Background: E-cadherin (ECD) is known to be an invasion suppressor gene, and urokinase-type plasminogen activator (uPA) plays a central role in infiltration of solid cancers.
Methods: To elucidate the relationship between expression of these factors and metastasis in patients with gastric cancer, the authors examined immunohistochemically a combination analysis of uPA and E-cadherin expression in 98 primary tumors, and the results were correlated with several parameters related to metastasis.

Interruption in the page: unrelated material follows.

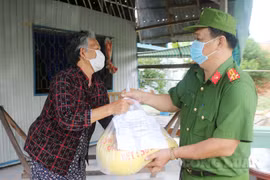 Công an An Giang tặng hàng trăm phần quà cho người dân khó khăn và hoàn lương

Results: Among 125 tumors, 42 (34%) were evaluated as having E-cadherin expression (E-cadherin-positive), and the other 83 (66%) were defined as having reduced E-cadherin expression (E-cadherin-negative). uPA immunoreactivity was observed in 82 tumors (66%). There were four subtypes of patterns of uPA and E-cadherin expression: 22 uPA-negative/E-cadherin-positive, 17 uPA-negative/E-cadherin-negative, 21 uPA-positive/E-cadherin-positive, and 65 uPA-positive/E-cadherin-negative, uPA overexpression and reduced E-cadherin expression were associated with lymph node metastasis, vessel invasion, serosal involvement, and poor prognosis. In addition, uPA-positive/E-cadherin-negative tumors were associated significantly with large tumors, positive serosal invasion, lymph node involvement, and poor prognosis. Patients with uPA-positive/E-cadherin-negative expression had the poorest prognoses, compared with the three other groups of patients uPA-positive/E-cadherin-negative tumors had a fourfold relative risk of death when compared with uPA-negative/E-cadherin-positive tumors. A Cox proportional hazard model projected lymph node status as the strongest of the prognostic variables followed by DNA ploidy patterns and uPA/E-cadherin tissue status.
Conclusions: These results indicate that immunohistochemical combination analysis of uPA and E-cadherin expression may be a powerful aid in evaluating metastatic potential or the prognosis of patients with gastric cancer.